Industry: Sales / Retail
Deadline: Not specified
Job Type: Full Time
Experience: 3 – 5 years
Location: Western Cape
Province: Cape Town
Field: ICT / Computer
Your mission, should you choose to accept it:
- Cloud Infrastructure Management: Design, implement, and manage scalable and resilient infrastructure using AWS services like EC2, Lambda, Aurora RDS PostgreSQL, and DynamoDB.
- Container Orchestration: Deploy, manage, and scale applications in Kubernetes.
- Monitoring & Observability: Set up and maintain comprehensive monitoring using Grafana Cloud, Mimir, Loki, Tempo, and OpenTelemetry.
- CI/CD Integration: Automate deployments with robust CI/CD pipelines.

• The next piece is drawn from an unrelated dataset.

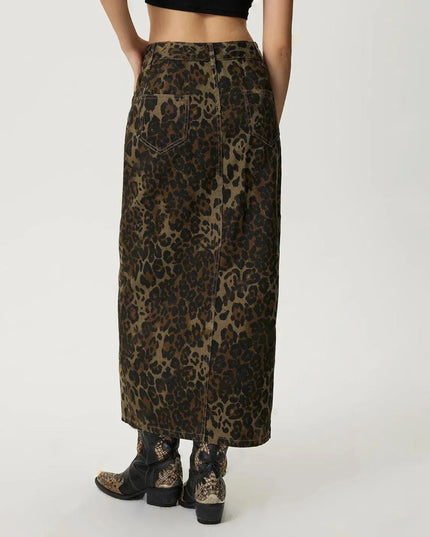 Leopard Button Up Denim Skirt - ShopEasier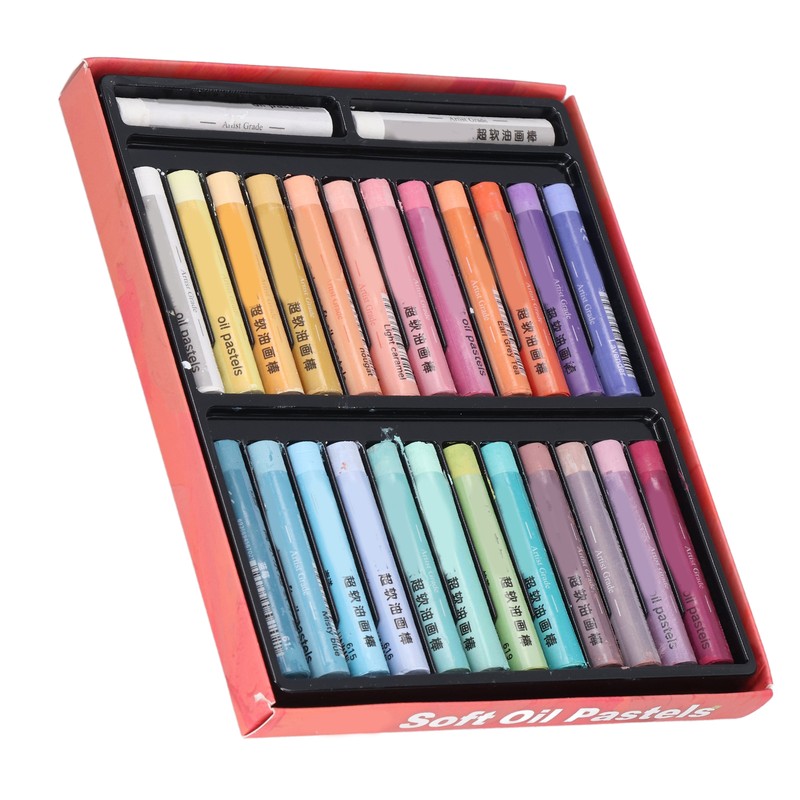26pcs Oil Pastels 24 Colors Soft Creamy Safe Reliable DIY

Familiarity with tools like GitHub Actions and AWS CodeBuild is essential..
- Log Management & Analysis: Utilize tools like OpenSearch/Elasticsearch and Loki for log analysis and troubleshooting.
- Scripting & Automation: Develop scripts and tools using Python and Golang to automate tasks and processes.
- Database Management: Manage and optimize data workflows across databases like Aurora RDS PostgreSQL and DynamoDB.
- Stream Processing: Work with Kafka for real-time data processing and integration workflows.
- Incident Management: Participate in on-call rotations, providing expertise in incident resolution and system troubleshooting
The skills we need:
- AWS Expertise: An understanding of AWS services and cloud architecture best practices.
- Kubernetes Proficiency: Hands-on experience in deploying and managing Kubernetes clusters.
- Programming Skills: Proficiency in Python and Golang for automation and development.
- Observability Tools: Experience with Grafana, OpenTelemetry, Mimir, Loki, and Tempo.
- Database Technologies: Knowledge of OpenSearch/Elasticsearch and Aurora RDS PostgreSQL.
- Streaming Platforms: Practical experience with Kafka for data stream processing.
- Infrastructure as Code (IaC): Use tools like Terraform or CloudFormation to manage AWS resources as code.
- Strong problem-solving skills and attention to detail.
- Excellent communication and collaboration skills.
- Ability to work independently and within a team in a fast-paced environment.
- Passion for continuous learning and staying updated with industry trends.
Nice to have:
- Experience with NoSQL, PostgreSQL, DynamoDB, Elasticsearch
- Experience with common web stack applications (nginx, tornado, FastAPI)
- Experience with messaging platforms (Kafka, Kinesis, SQS, SNS)
- Experience with Google (GCP, Firebase)
Qualifications & Experience:
- Bachelor’s Degree or Advanced Diploma in Information Systems, Computer Science, Mathematics, Engineering and 3 years of hands-on experience in a DevOps or Site Reliability Engineering role is required.
- In the event that a candidate does not have a Bachelor’s Degree or an Advanced Diploma (in Information Systems, Computer Science, Mathematics, or Engineering), an equivalent experience requirement must be met, which equates to a minimum of 6 years experience in a software/technology environment.
- Certifications in AWS or Kubernetes are advantageous.
- 3-5 years of hands-on experience in a DevOps or Site Reliability Engineering role.
- 2 – 5 years of experience in Python and Golang for automation, scripting and development
- AWS Expertise: 3 years comprehensive experience with AWS services, including EC2, Lambda, DynamoDB, and Aurora RDS PostgreSQL and AWS OpenSearch.
 Ability to design and manage scalable and resilient cloud architectures.
- Kubernetes Proficiency: 3 years hands-on experience with deploying, managing, and scaling applications in Kubernetes environments. Practical experience with Helm and ArgoCD
 Understanding of containerization concepts and tools like Docker/Podman.
- Infrastructure as Code (IaC): 3 years experience with IaC tools like Terraform or CloudFormation to manage and automate cloud resources effectively. CloudFormation is preferential.